(Task to carry out): For every record, give an exact copy that has no pictures in it.

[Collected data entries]
□ □ □

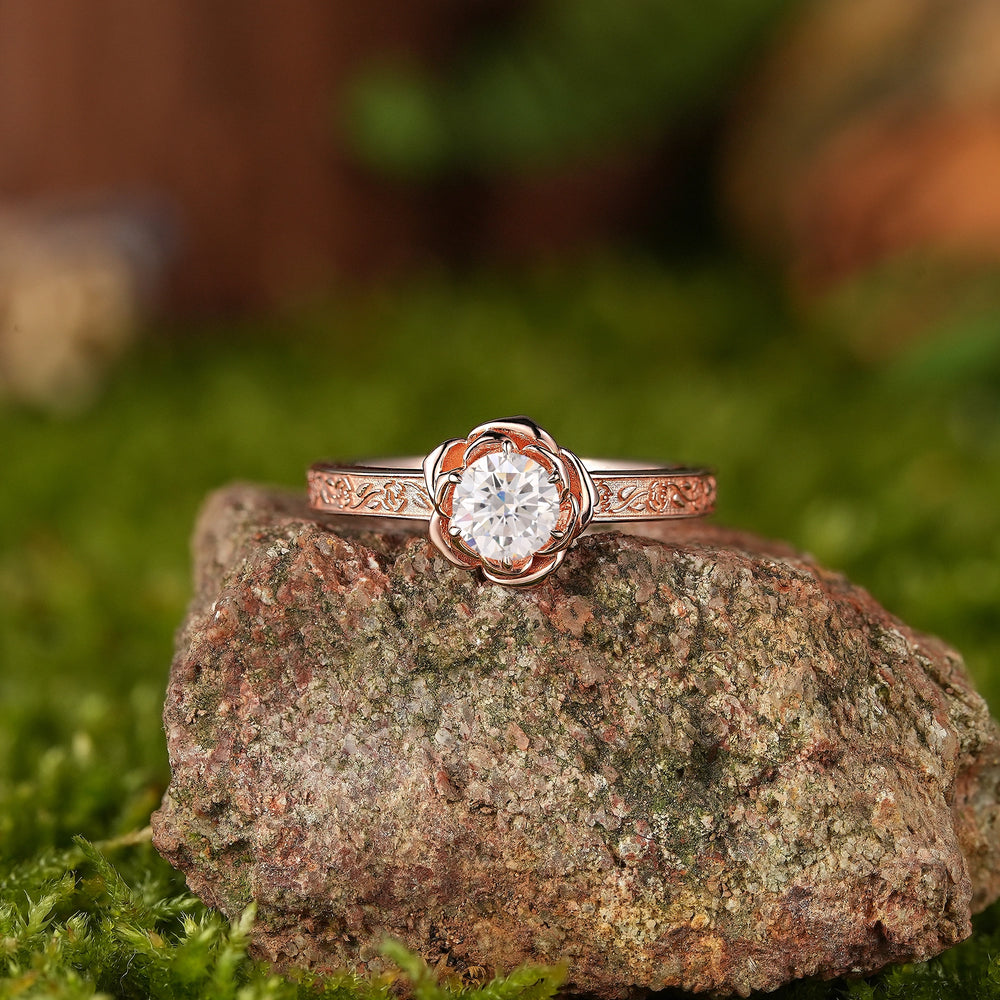 Floral Inspired | Moissanite Engagement Ring Rose Design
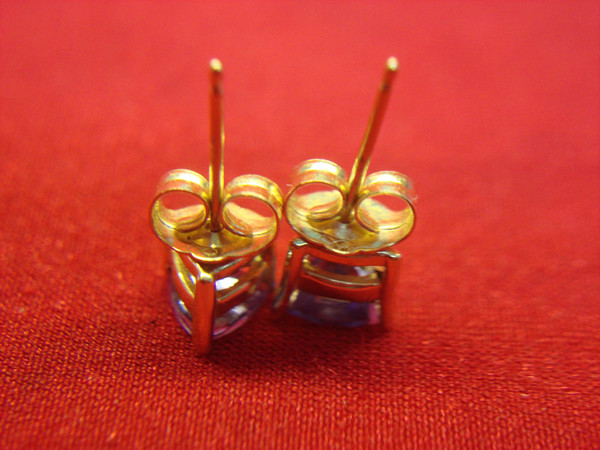 14K Yellow Gold Tanzanite Studs - Sparkling Trillion Cut Earrings (1ct)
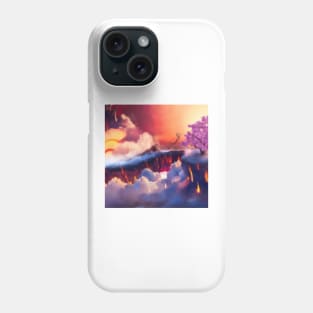 Skyward Sakura: A Fantasy Mountain Quest Phone Case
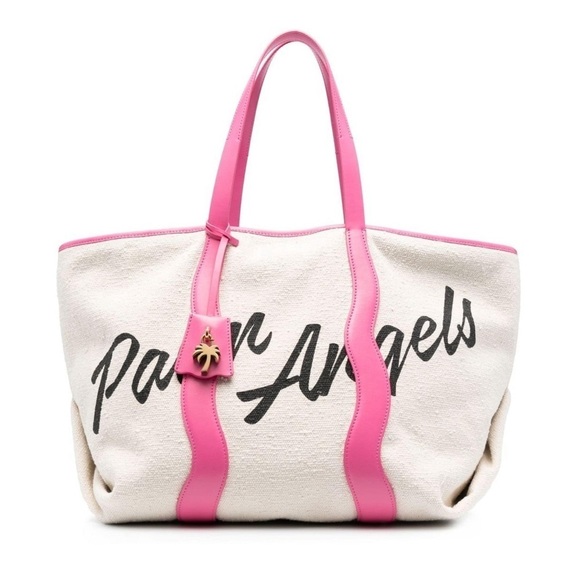 Palm Angels Pink Leather Logo Tote Bag Shoulder Carryall Large Display Model - Picture 2 of 16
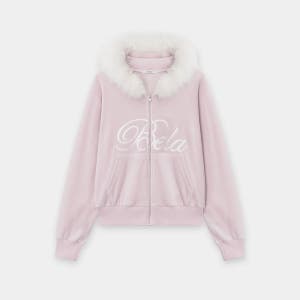 [모일리] Bella Fur Velour Hoodie Zip-Up Pink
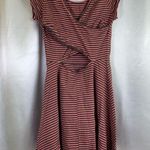 SO Pink & Gray Stripe skater Dress Medium Photo 3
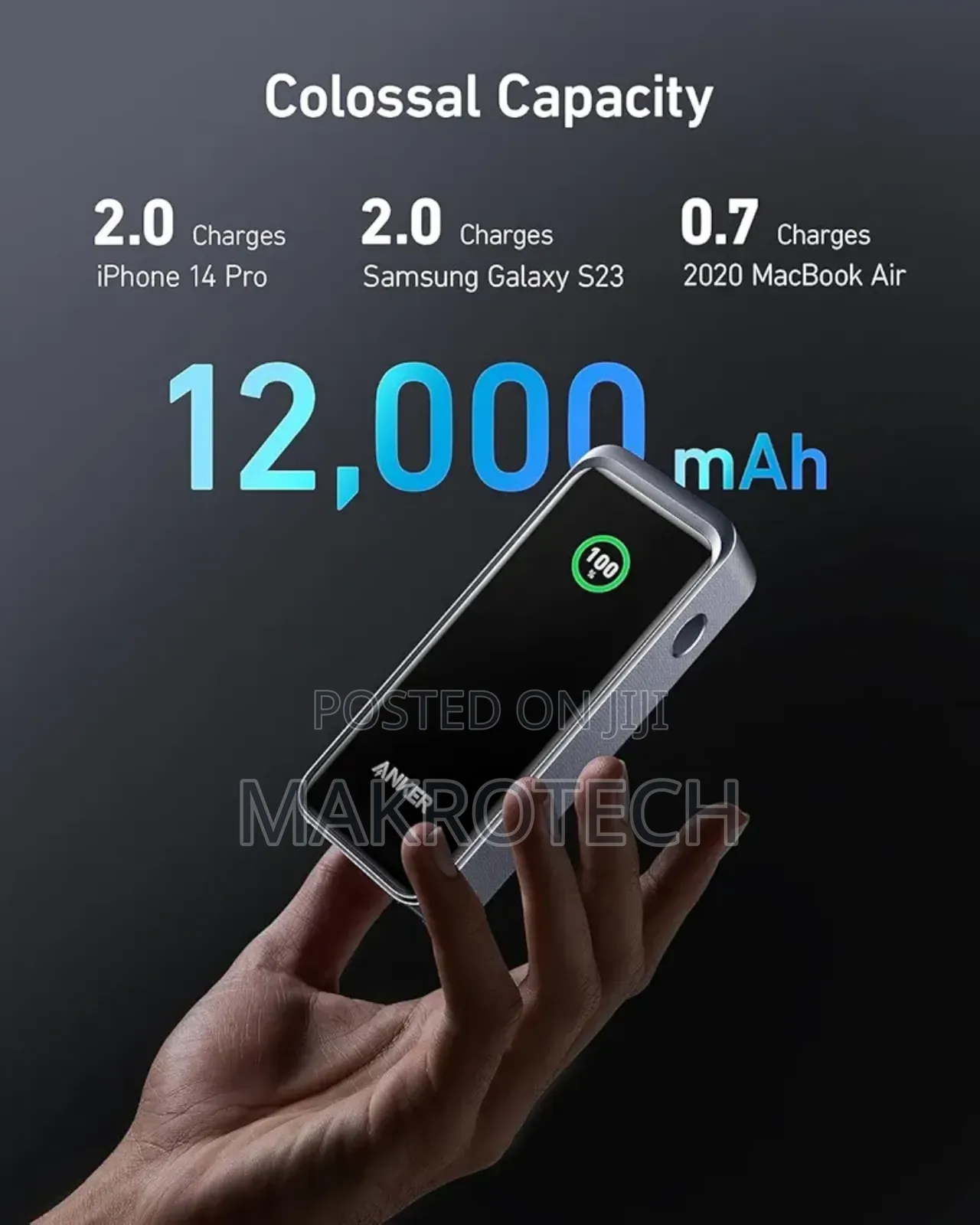 Anker Prime Power Bank, 2 Port 12000 M Ah Portable Charger With 130w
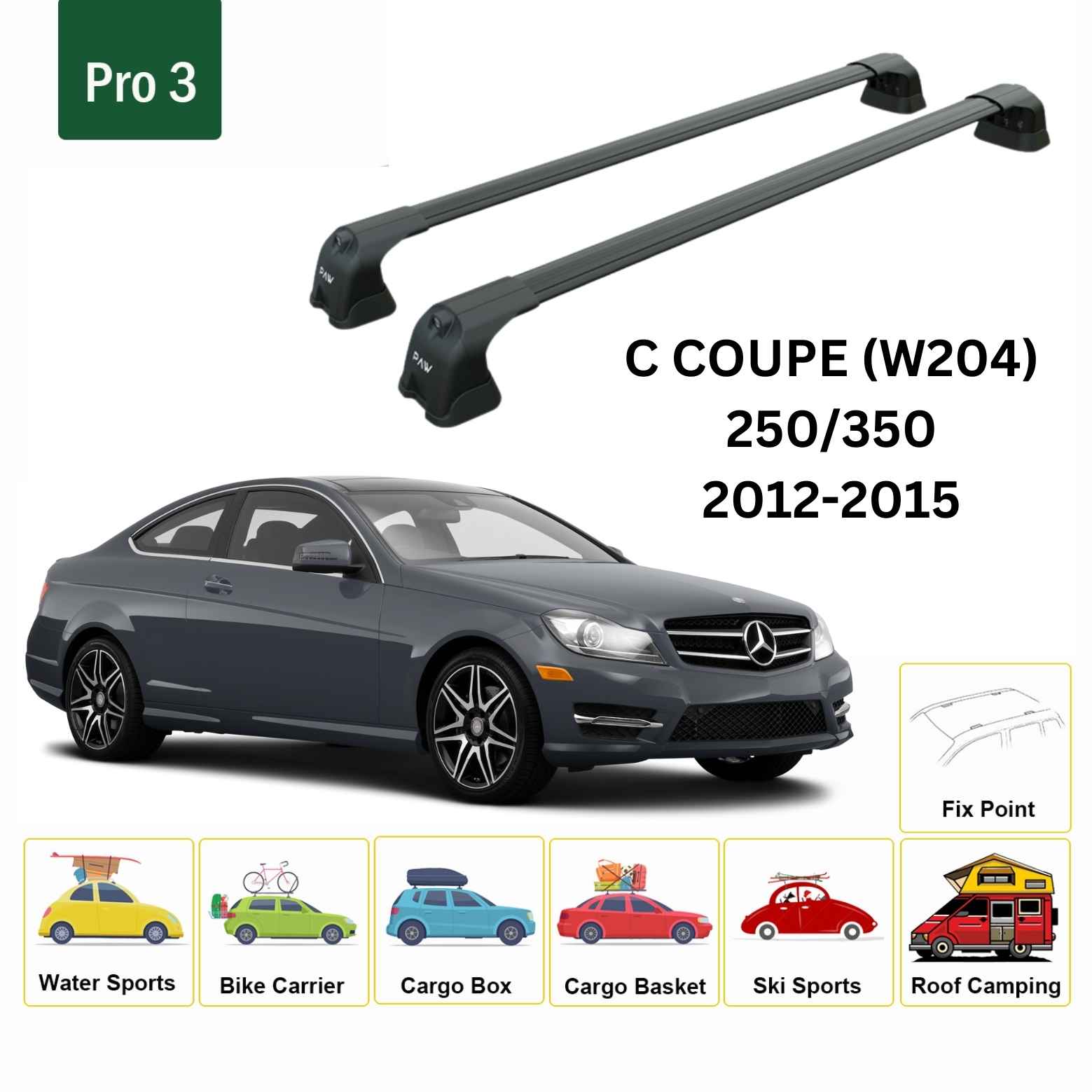 For Mercedes Benz C Coupe W204 2012-2015 Roof Rack Cross Bars Fix Point Alu Black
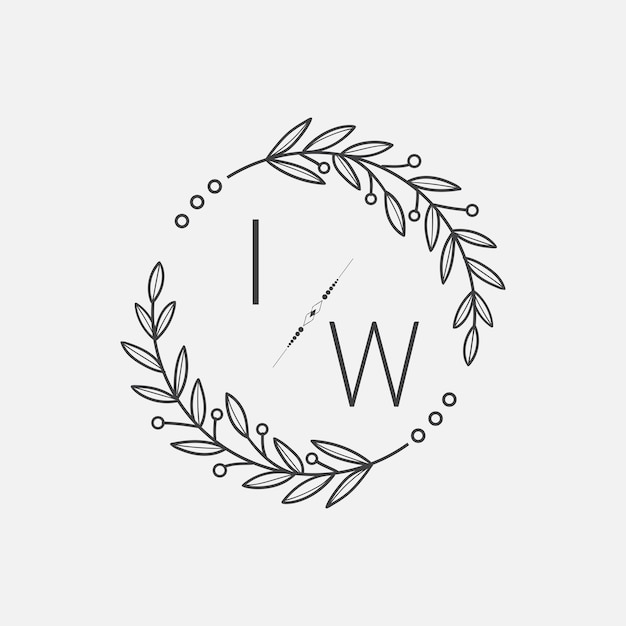 IW monograma inicial boda con línea de círculo creativo
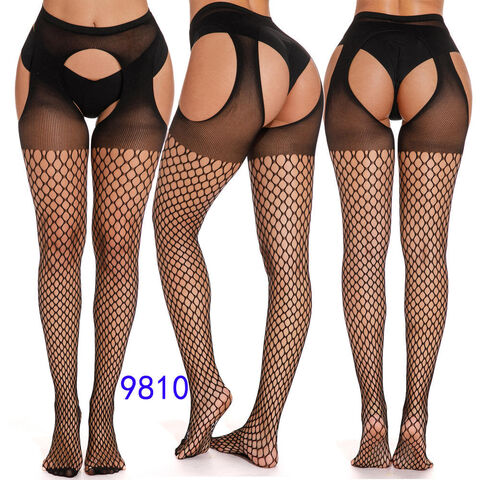 Buy Standard Quality China Wholesale High Waist Sexy Transparent Black Open  Crotch Fishnet Garters Suspenders Elastic Mesh Stocking Tights For Party  $0.53 Direct from Factory at Yiwu Zhuzhuan Knitting Co., Ltd.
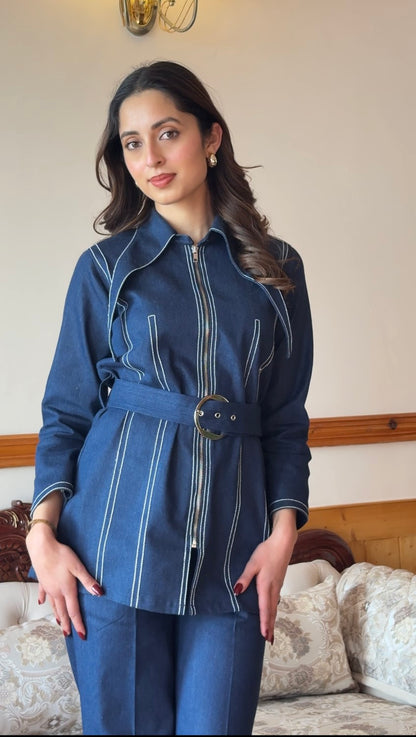 Deep Blue Denim Co-ord Set With Belt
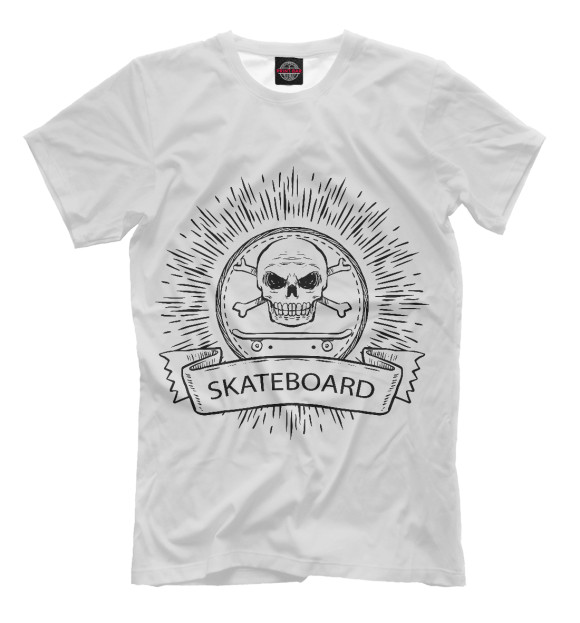 Мужская футболка с изображением Skateboard цвета Бежевый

□ □ □

(Expected answer):
 Floral Inspired | Moissanite Engagement Ring Rose Design
 14K Yellow Gold Tanzanite Studs - Sparkling Trillion Cut Earrings (1ct)
 Skyward Sakura: A Fantasy Mountain Quest Phone Case
 Palm Angels Pink Leather Logo Tote Bag Shoulder Carryall Large Display Model - Picture 2 of 16
 [모일리] Bella Fur Velour Hoodie Zip-Up Pink
 SO Pink & Gray Stripe skater Dress Medium Photo 3
 Anker Prime Power Bank, 2 Port 12000 M Ah Portable Charger With 130w
 For Mercedes Benz C Coupe W204 2012-2015 Roof Rack Cross Bars Fix Point Alu Black
 IW monograma inicial boda con línea de círculo creativo
 Buy Standard Quality China Wholesale High Waist Sexy Transparent Black Open  Crotch Fishnet Garters Suspenders Elastic Mesh Stocking Tights For Party  $0.53 Direct from Factory at Yiwu Zhuzhuan Knitting Co., Ltd.
 Deep Blue Denim Co-ord Set With Belt
 Мужская футболка с изображением Skateboard цвета Бежевый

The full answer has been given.